Lot 4019. An imperial Beijing enamelled waterpot, Kangxi yuzhi mark within double-squares and of the period (1662-1722); 3 7/8 in. (9.8 cm.) diam. Estimate 1,000,000 - HKD 1,500,000. Price realised HKD 1,940,000. © Christie's Images Ltd 2012.
Of compressed globular form, the waterpot is brightly enamelled with four peony blossoms in tones of yellow, pink, green and aubergine, borne on leafy undulating stems bearing flower buds, against a white ground. It tapers to a flat base inscribed in blue with a four-character mark within double-circles, box.

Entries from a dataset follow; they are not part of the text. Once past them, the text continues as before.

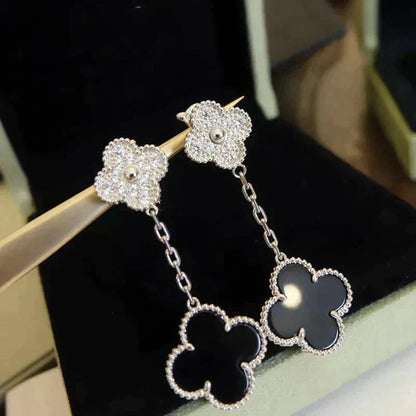 [Royal Jewellery]CLOVER 2 MOTIFS  DIAMOND ONYX EARRINGS SILVER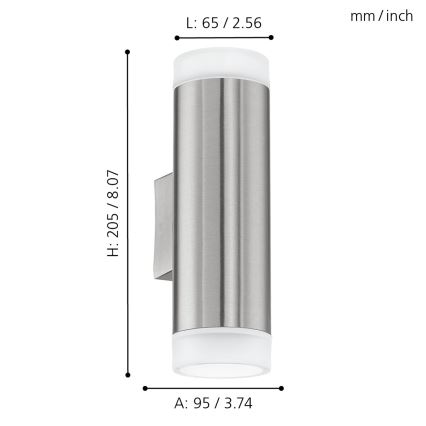 Eglo - Venkovní nástěnné svítidlo LED GU10/2,5W/230V IP44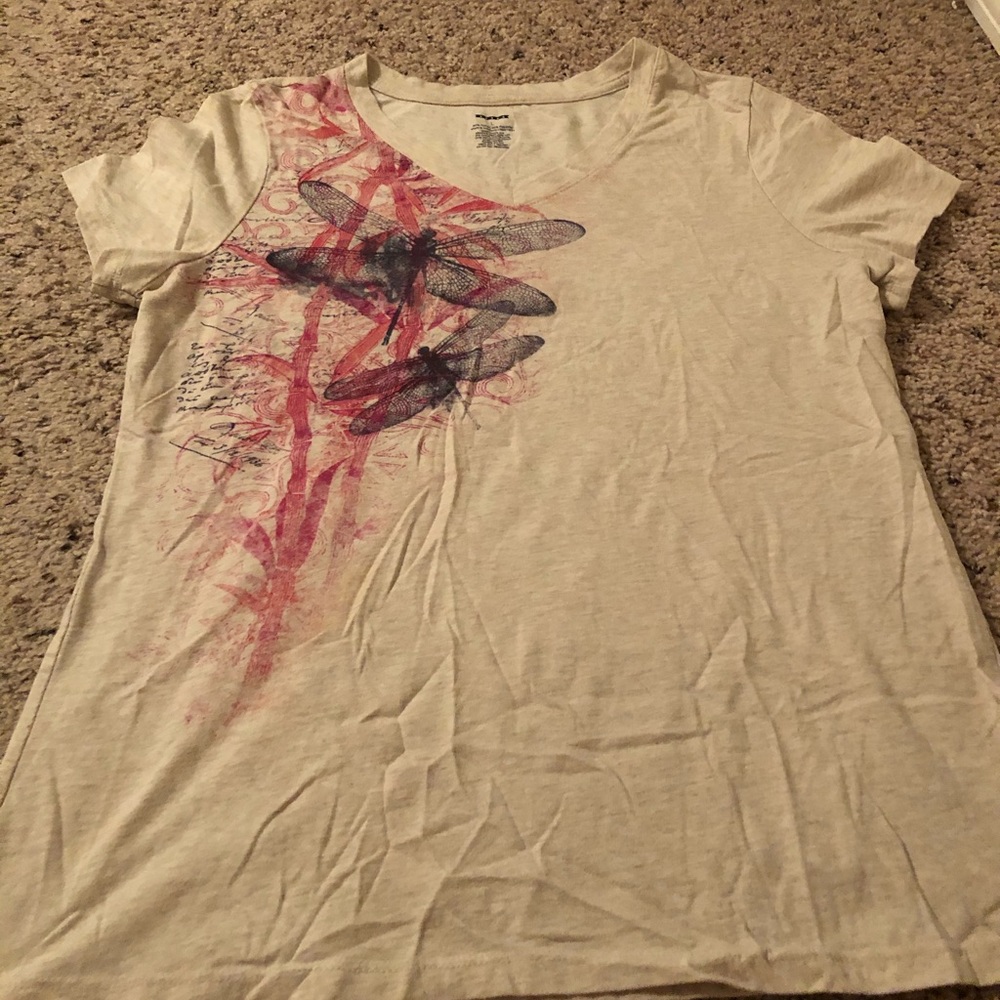 Cream dragonfly V-neck t-shirt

Provenance: A French private collection.
Note: The Kangxi Emperor first became deeply interested in the foreign imported enamelled metalwork and set up an enamel workshop inside the palace to facilitate the local production of these exotic metal-bodied wares. The enamels used to paint on metalwork during this period were mostly foreign imports, and the Kangxi Emperor even enlisted the French Jesuit missionary, Jean-Baptiste Gravereau, in 1719 to train native artisans at the enamel workshop the skills of enamelling. Many of the enamels on metal that were produced during the period were inscribed with a Kangxi Yuzhi mark, reflecting his admiration for luminous metalwork like the current example, and the miniature vase offered as the previous lot in the current sale.
The richly painted pattern on the current example, with a variety of colour gradations, attests to the advanced level of skills achieved by the palace enamellers during the Kangxi period. Compare a lobed metal box painted with similar floral decoration on white ground in the National Palace Museum, Taipei, illustrated in Enamel Ware in the Ming and Ch'ing Dynasties, Taipei, 1999, p. 172, no. 82.